▸ EXERCISE INSTRUCTIONS
In the entries that follow, locate the line with "HGJHJJHK Porte-Verre en", then restate that line and all later lines exactly as they appear, leaving pictures out.

▸ SUPPLIED MATERIAL
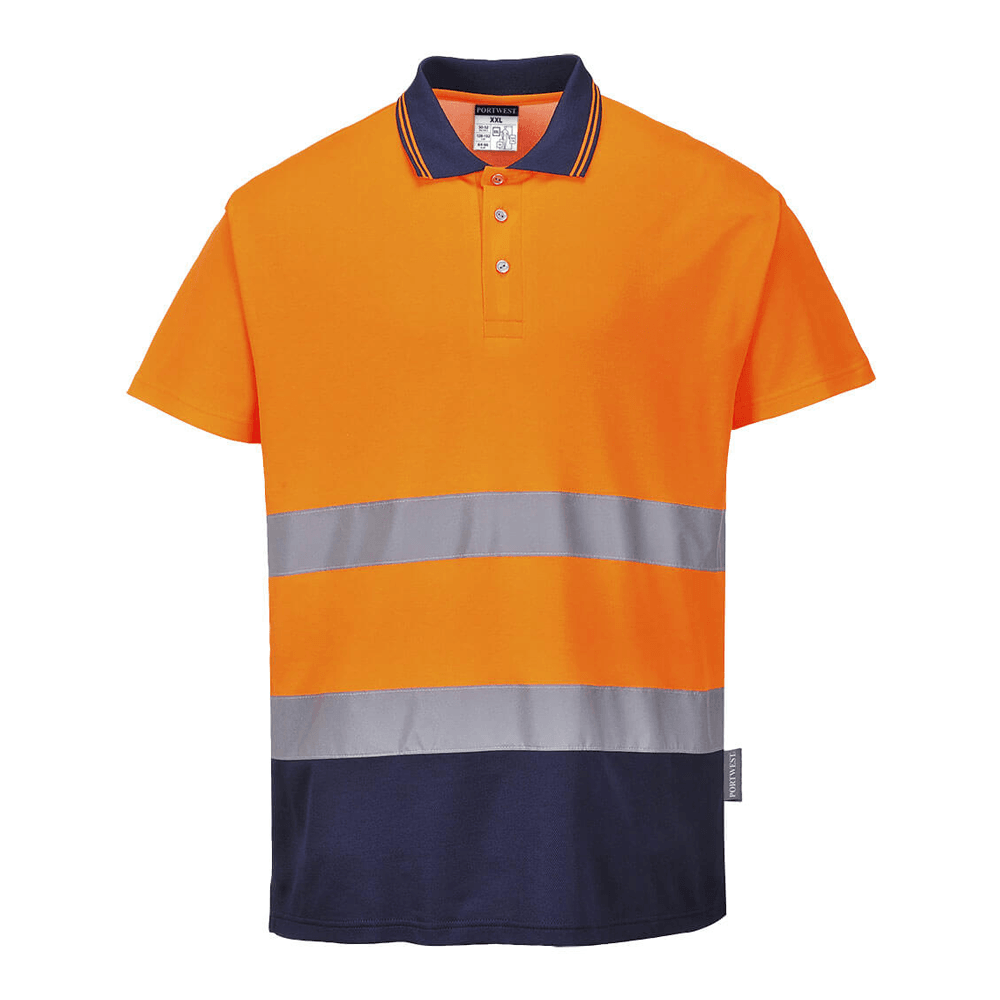Portwest S174 Hi-Vis Cotton Comfort Contrast Breathable Polo Shirt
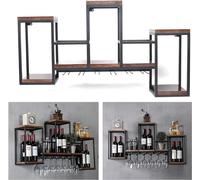 HGJHJJHK Porte-Verre en Bois à vin en Bois Mural, E Bas à vin en Bois Mural, Porte-Bouteille à vin Mural Suspendu pour Cuisine, Salle à Manger, Bar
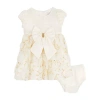 Rare Editions Baby Girls 2-piece Satin Bodice 3d Flower Jacket Dress And Diaper Cover Set In Neutral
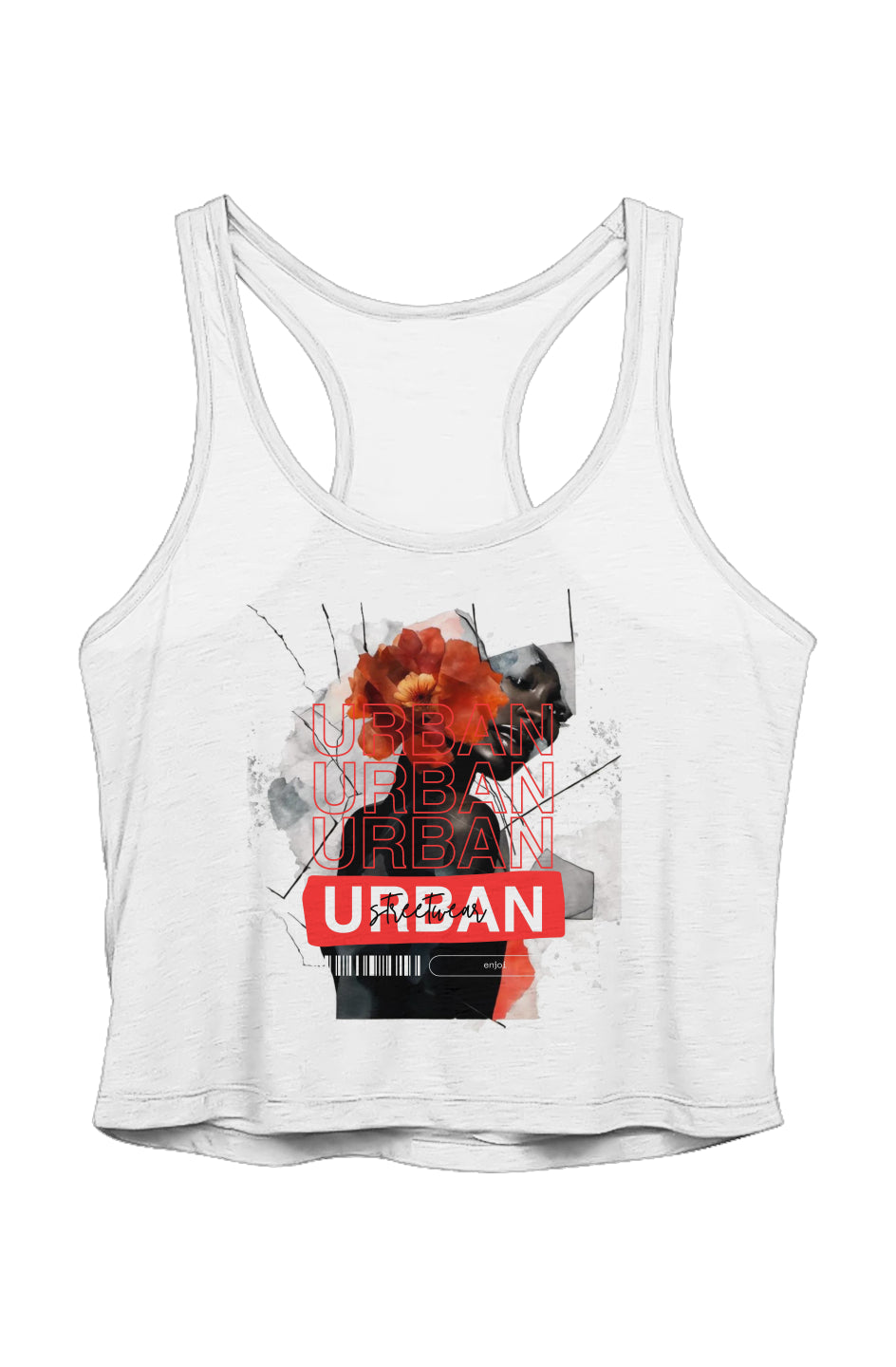 'urban rose' Ladies' Sheer Cropped Racer Tank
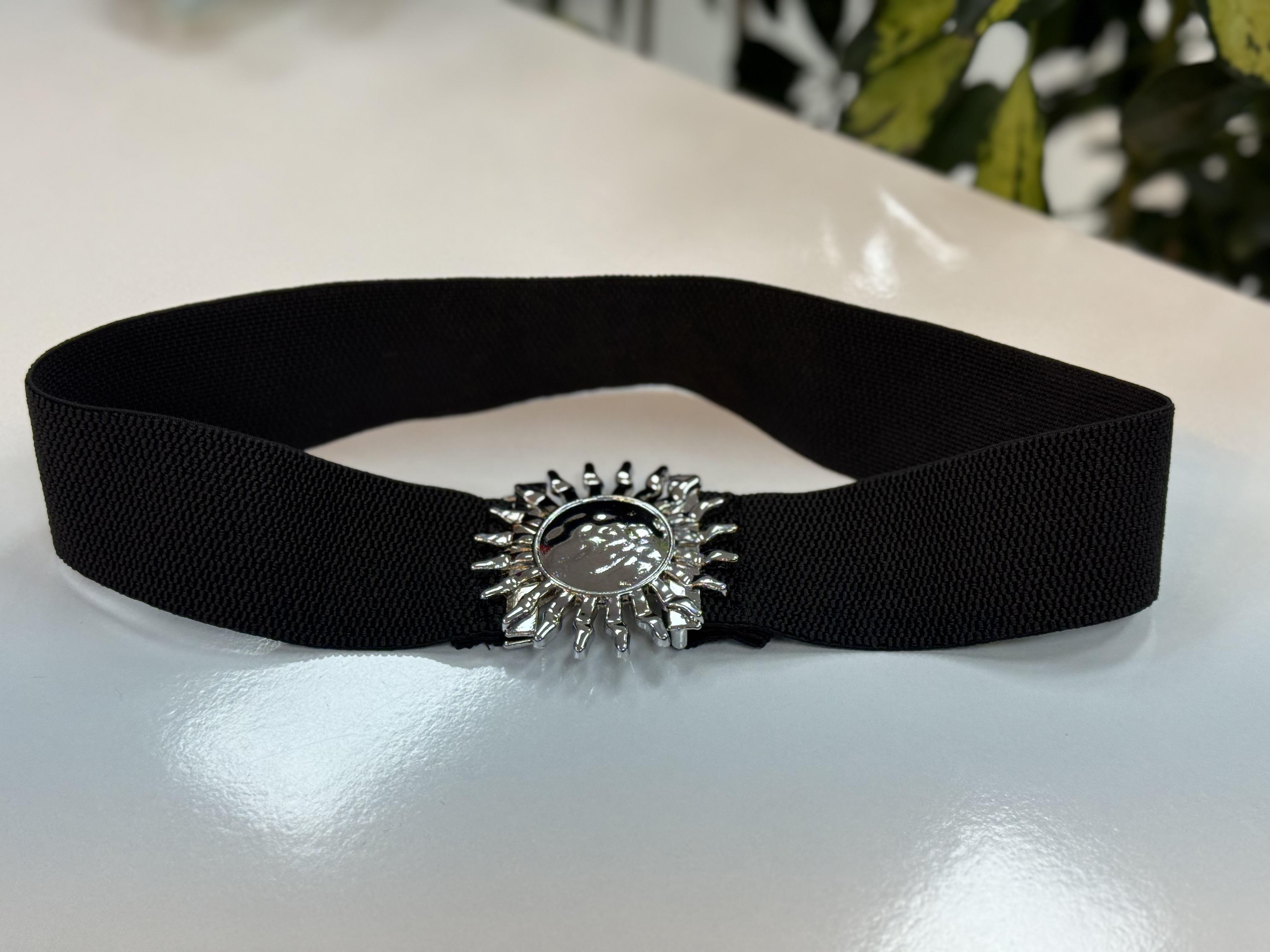 Güneş Tokalı Elbise Kemeri Siyah Gümüş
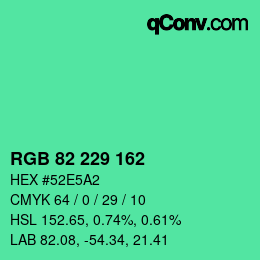 颜色代码: RGB 82 229 162 | qconv.com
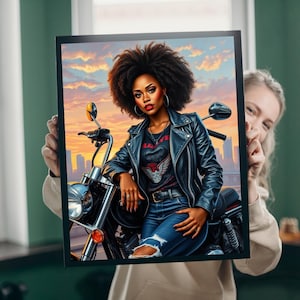 Motorcycle Chic Puzzle - 110, 252, 520, 1014-Piece African American Woman, Perfect Gift for Bikers, Adventurers, and Puzzle Enthusiasts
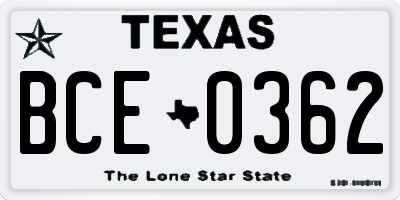 TX license plate BCE0362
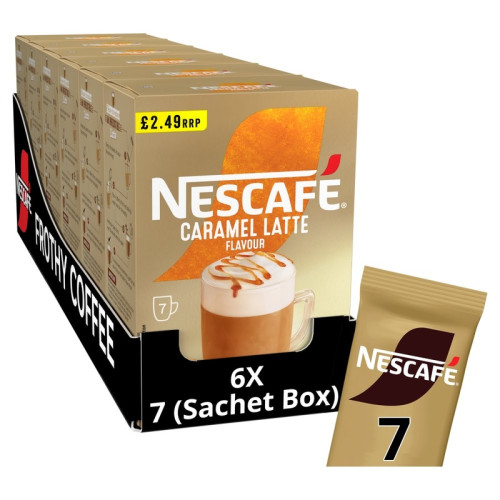 NESCAFE CARAMEL LATTE 7 SACHETS 6x119G PMP &Acirc;&pound;2.49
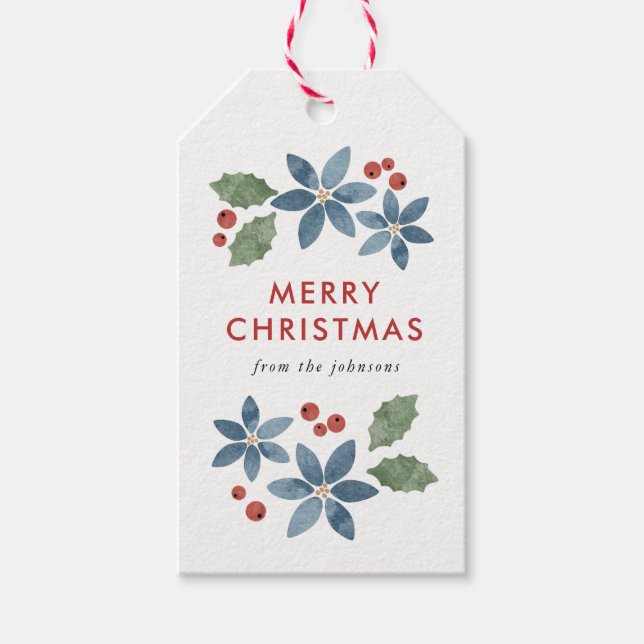 Helgdag Blommigt Gift-Märkre Presentetikett (Framsidan)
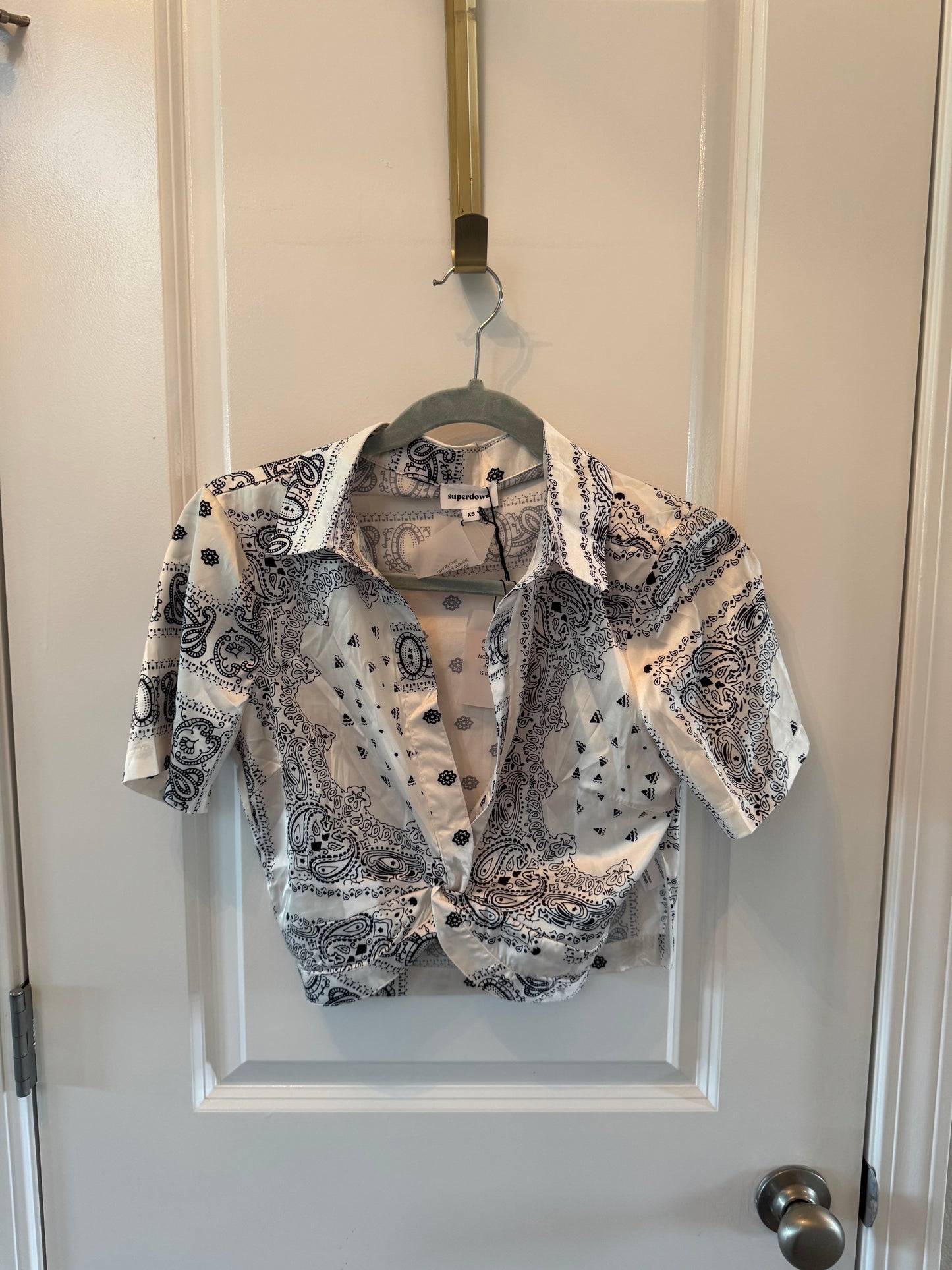 Revolve Superdown Jenela Satin Shirt Women’s XS NWT White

▸ EXERCISE ANSWER
 HGJHJJHK Porte-Verre en Bois à vin en Bois Mural, E Bas à vin en Bois Mural, Porte-Bouteille à vin Mural Suspendu pour Cuisine, Salle à Manger, Bar
 Rare Editions Baby Girls 2-piece Satin Bodice 3d Flower Jacket Dress And Diaper Cover Set In Neutral
 'urban rose' Ladies' Sheer Cropped Racer Tank
 Güneş Tokalı Elbise Kemeri Siyah Gümüş
 颜色代码: RGB 82 229 162 | qconv.com
 Motorcycle Chic Puzzle - 110, 252, 520, 1014-Piece African American Woman, Perfect Gift for Bikers, Adventurers, and Puzzle Enthusiasts
 TX license plate BCE0362
 NESCAFE CARAMEL LATTE 7 SACHETS 6x119G PMP &Acirc;&pound;2.49
 Helgdag Blommigt Gift-Märkre Presentetikett (Framsidan)
 Revolve Superdown Jenela Satin Shirt Women’s XS NWT White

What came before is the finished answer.